→ Your goal: Find the string "Velvet" in the data, then copy every line where it is found.

→ Material provided:
|---|

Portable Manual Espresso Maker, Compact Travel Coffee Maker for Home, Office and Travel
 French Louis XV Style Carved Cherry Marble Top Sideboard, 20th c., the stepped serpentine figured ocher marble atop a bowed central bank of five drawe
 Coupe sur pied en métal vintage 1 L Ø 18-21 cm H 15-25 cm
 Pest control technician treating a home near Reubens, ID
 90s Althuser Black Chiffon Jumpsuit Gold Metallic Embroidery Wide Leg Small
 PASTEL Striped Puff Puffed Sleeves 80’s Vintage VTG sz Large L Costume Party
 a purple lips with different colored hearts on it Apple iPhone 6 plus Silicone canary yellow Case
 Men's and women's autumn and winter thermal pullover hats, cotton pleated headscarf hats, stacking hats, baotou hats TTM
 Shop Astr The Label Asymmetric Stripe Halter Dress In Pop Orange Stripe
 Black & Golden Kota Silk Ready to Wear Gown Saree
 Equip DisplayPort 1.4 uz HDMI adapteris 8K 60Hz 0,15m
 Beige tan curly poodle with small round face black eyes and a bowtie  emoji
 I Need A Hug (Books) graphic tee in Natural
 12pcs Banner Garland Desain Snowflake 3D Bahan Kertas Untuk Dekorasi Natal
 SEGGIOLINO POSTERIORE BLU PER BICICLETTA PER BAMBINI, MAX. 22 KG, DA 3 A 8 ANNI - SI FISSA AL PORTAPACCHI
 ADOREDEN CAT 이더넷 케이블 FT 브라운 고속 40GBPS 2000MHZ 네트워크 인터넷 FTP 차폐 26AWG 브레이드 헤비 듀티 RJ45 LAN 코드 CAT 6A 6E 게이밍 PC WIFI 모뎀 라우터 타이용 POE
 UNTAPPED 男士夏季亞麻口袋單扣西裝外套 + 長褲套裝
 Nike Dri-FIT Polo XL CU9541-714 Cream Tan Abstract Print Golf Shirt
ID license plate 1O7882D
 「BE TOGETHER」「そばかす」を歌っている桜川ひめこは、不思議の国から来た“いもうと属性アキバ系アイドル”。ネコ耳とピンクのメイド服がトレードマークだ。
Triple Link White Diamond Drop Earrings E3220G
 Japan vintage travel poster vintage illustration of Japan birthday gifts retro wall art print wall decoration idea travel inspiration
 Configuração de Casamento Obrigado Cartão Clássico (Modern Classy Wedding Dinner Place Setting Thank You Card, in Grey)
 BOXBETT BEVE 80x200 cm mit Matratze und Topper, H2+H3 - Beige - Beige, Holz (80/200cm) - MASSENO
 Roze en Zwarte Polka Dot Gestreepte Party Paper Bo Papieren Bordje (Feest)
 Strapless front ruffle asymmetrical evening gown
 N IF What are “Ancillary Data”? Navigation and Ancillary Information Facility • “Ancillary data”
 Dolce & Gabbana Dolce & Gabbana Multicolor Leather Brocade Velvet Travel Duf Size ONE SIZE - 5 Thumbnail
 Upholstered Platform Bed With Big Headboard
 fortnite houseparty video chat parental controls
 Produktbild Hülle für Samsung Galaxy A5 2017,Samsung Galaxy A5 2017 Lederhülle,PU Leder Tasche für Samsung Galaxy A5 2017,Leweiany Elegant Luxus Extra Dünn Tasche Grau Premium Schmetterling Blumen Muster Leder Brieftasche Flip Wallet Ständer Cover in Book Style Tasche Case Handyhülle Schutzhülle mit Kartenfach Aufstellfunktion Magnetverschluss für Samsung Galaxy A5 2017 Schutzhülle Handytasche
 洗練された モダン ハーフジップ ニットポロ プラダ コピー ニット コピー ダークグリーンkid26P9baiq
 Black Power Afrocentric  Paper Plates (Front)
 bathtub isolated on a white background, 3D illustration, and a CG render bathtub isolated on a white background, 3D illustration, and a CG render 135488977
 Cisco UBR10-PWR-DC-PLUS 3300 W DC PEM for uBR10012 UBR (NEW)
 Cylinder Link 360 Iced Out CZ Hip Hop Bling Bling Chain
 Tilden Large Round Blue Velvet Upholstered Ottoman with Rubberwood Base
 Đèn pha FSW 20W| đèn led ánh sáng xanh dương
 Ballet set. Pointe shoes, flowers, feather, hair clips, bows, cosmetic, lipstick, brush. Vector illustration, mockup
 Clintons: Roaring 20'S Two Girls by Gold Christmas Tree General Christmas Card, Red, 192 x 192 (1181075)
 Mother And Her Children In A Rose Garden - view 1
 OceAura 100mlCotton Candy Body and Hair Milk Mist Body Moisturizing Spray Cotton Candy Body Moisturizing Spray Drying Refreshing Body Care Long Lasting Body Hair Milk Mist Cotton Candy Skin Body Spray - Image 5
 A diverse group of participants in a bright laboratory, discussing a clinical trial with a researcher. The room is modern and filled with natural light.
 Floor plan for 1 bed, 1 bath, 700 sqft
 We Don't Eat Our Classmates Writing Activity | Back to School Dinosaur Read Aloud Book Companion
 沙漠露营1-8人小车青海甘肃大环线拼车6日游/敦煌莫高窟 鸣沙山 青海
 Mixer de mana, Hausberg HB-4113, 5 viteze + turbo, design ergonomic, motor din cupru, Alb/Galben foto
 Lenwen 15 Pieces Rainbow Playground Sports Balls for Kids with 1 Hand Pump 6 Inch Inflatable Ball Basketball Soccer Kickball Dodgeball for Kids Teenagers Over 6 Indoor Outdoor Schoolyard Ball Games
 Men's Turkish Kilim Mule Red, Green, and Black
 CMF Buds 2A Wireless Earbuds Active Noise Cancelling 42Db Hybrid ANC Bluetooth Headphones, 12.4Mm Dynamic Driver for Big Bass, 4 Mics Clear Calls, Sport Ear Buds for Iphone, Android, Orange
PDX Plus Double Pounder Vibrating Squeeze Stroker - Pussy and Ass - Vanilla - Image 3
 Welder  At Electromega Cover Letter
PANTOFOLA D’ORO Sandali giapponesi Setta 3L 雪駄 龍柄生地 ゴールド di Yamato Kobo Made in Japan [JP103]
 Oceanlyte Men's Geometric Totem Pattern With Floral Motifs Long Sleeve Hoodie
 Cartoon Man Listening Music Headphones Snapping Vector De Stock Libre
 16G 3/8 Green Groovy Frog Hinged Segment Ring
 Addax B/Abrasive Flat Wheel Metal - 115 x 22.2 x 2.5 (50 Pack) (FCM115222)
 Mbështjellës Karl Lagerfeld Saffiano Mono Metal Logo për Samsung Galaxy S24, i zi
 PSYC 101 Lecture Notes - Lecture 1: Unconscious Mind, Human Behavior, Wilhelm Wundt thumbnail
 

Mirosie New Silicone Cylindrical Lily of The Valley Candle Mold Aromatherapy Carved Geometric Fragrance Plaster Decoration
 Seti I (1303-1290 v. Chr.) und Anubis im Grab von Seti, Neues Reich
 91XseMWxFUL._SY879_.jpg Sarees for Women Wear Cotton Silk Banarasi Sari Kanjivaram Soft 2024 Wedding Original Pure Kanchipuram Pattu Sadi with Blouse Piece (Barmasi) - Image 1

|---|

→ Worked solution:
 Dolce & Gabbana Dolce & Gabbana Multicolor Leather Brocade Velvet Travel Duf Size ONE SIZE - 5 Thumbnail
 Tilden Large Round Blue Velvet Upholstered Ottoman with Rubberwood Base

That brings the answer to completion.